Nine Tools, Not Ninety Skills: Why We Deleted 120 Skill Files and Built a Tool Registry

February 14, 2026

The OpenClaw workspace had 120 skill directories. Each one contained a markdown file describing what an AI agent should do when that skill was invoked. "Scan Hacker News." "Run a Polymarket intelligence sweep." "Check CVEs." "Summarize RSS feeds." "Be a Jungian psychologist for when the existential weight of running a one-person multi-agent operation hits too hard at 2 AM."

I culled 25 redundant ones, parked 15 that needed API keys I didn't have, and organized the rest into a tidy taxonomy. Then I deleted all of them and replaced them with 9 native tools.
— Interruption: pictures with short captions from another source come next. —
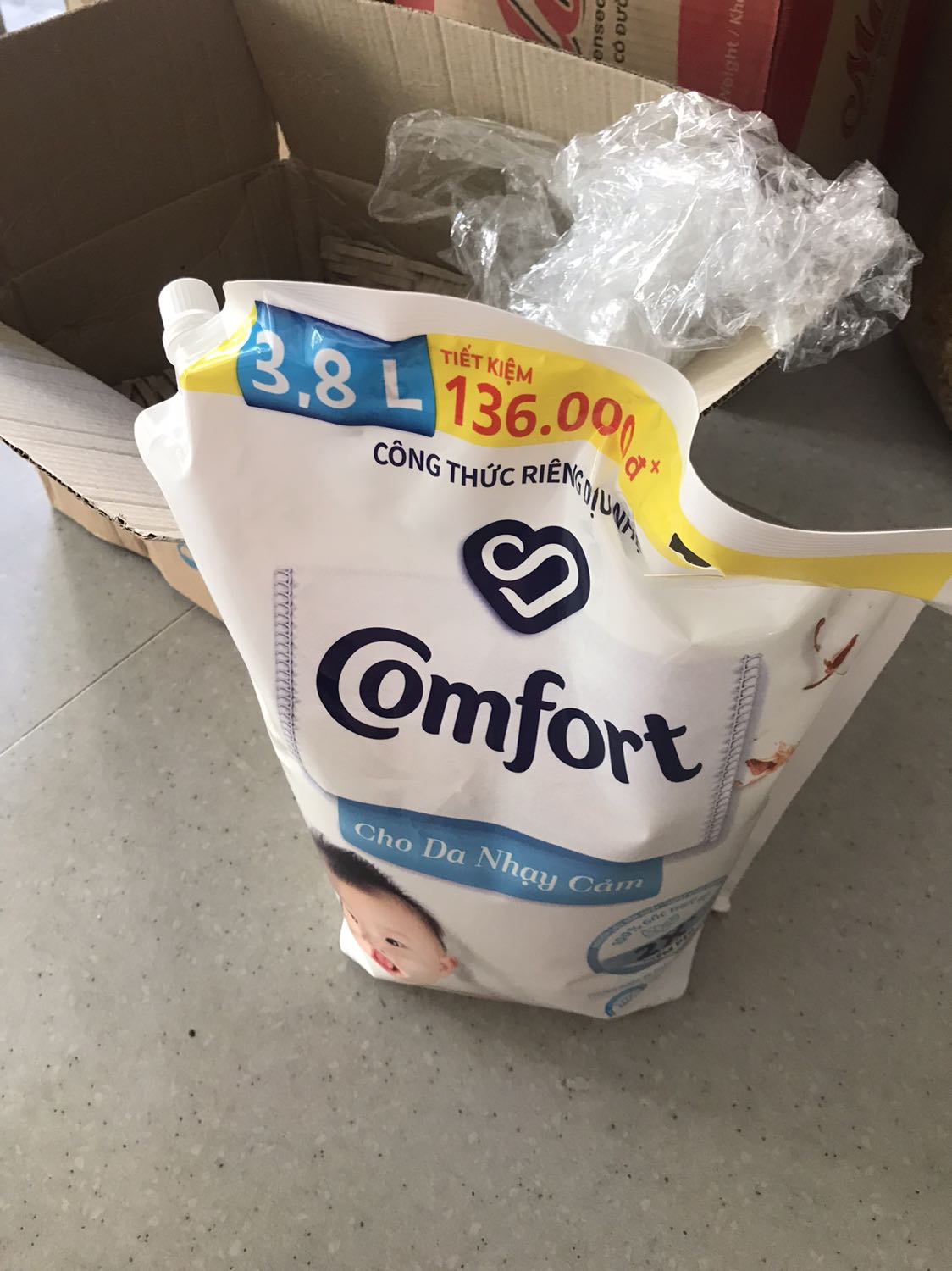 Đặt hàng lúc 0h21p ngày 23/11/2021 nhưng k có quà tặng kèm như quảng cáo, nhắn tin hỗ trợ thì nv báo do mình k tích vào quà tặng trong khi mình k hề thấy quà tặng hiện lên mà tích? 
 Đây k phải lần đầu mình mua hàng có quà tặng mà mình k biết nha!
Lỗi kỹ thuật do set up quà tặng mà lại đổ lỗi do khách hàng! 
Cảm thấy quá thất vọng! 
Đánh giá 2 sao: 1 sao cho sản phẩm thơm mùi dịu nhẹ mình hay sử dụng và 1 sao cho đóng gói hàng cẩn thận bọc kỹ bằng giấy catton vụn chống sốc! Còn lại trừ 3 sao cho việc set up quà tặng, chăm sóc khách hàng và xử lý phản hồi kh!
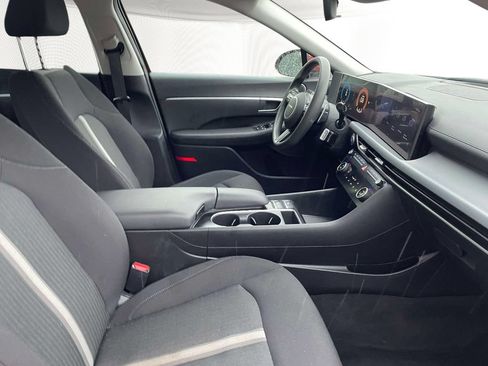 Used 2025 Hyundai Sonata SEL FWD image 10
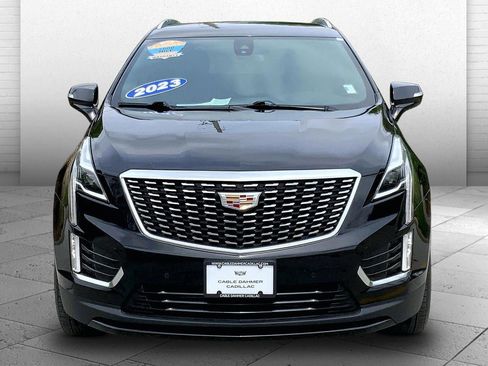 Used 2023 Cadillac XT5 Luxury FWD image 2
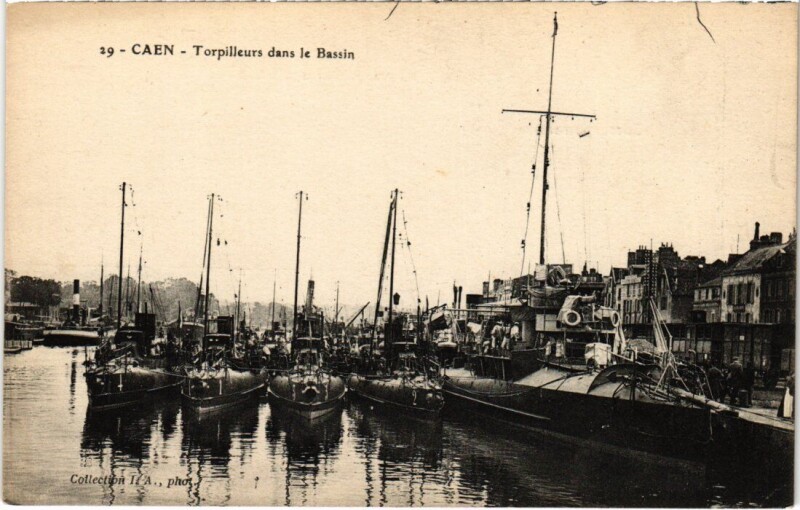 Carte postale ancienne Caen Torpilleurs dans le Bassin France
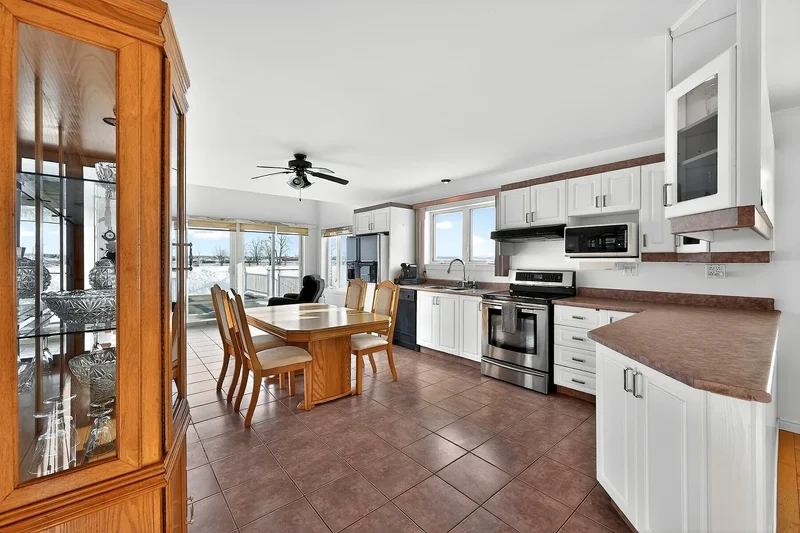 1541 Grande-Côte, Sainte-Geneviève-de-Berthier, QC J0K1A0, Berthierville, Quebec, Canada. - Photo 29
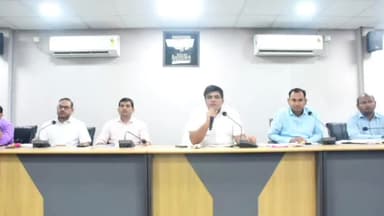 कोंडागांव: जिला कार्यालय के सभाकक्ष में कलेक्टर ने अधिकारियों की ली बैठक ,दिए निर्देश।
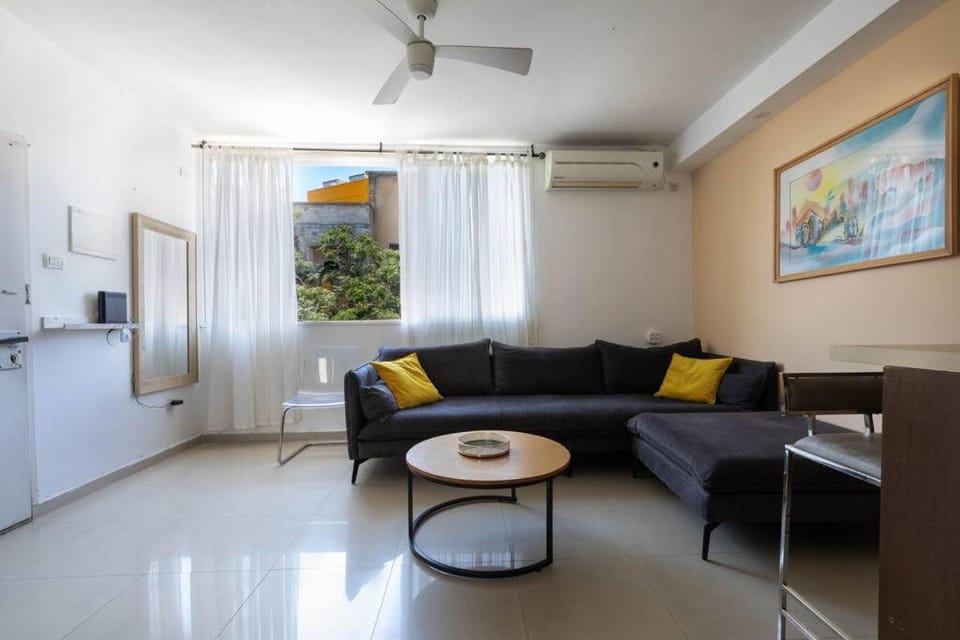Urban Oasis Apartments l Prime Location Tel Aviv l By Bookiz Apartment in Tel Aviv-Yafo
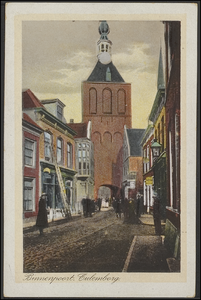 44 De Binnenpoort of Lanxmeerpoort uit 1318 is de enig overgebleven stadspoort. Toen de aangrenzende nederzetting ...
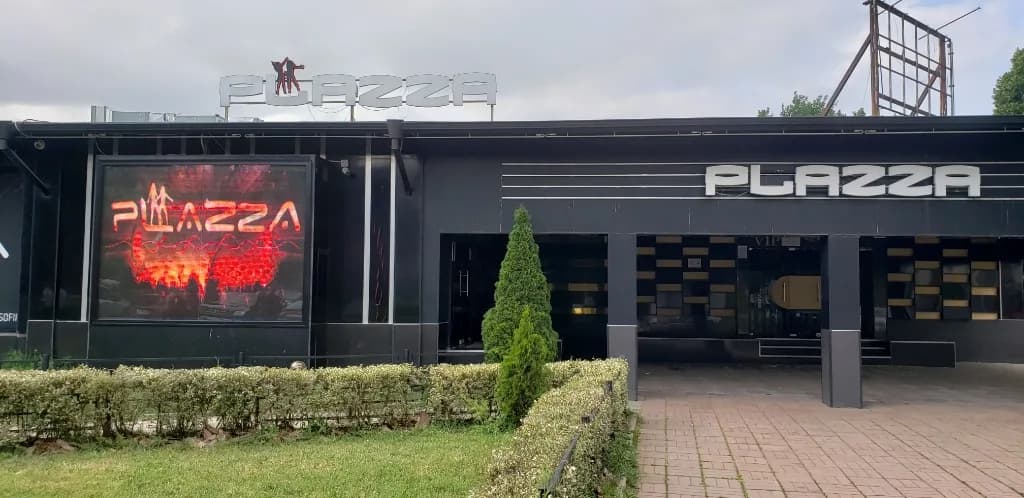 Disco Club "Plazza" - Feste e Vita Notturna (2/2)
This is the story of why that was the right call and what the replacement looks like.

The 120 Skills Problem

A skill in OpenClaw was a directory with a markdown file. The markdown told the LLM what to do when the skill was triggered. No structured inputs. No typed outputs. No parameter validation. No composition. The model read the markdown, decided what it meant, and did something. Or didn't.

When a cron job needed to chain three skills — say, fetch news, analyze it, write a briefing — you wrote a bash script. The bash script scraped JSONL run history files, extracted the relevant output, and injected it as context into the next skill invocation through environment variables. OpenClaw didn't support env var substitution in its config JSON, so you hardcoded paths. When a skill failed, you got a vague LLM error — the model would sometimes output garbled XML tool calls, sometimes just produce nothing, sometimes run the wrong skill entirely. There was no structured error you could catch, retry, or route.

Success rate across 25 cron jobs: 76%.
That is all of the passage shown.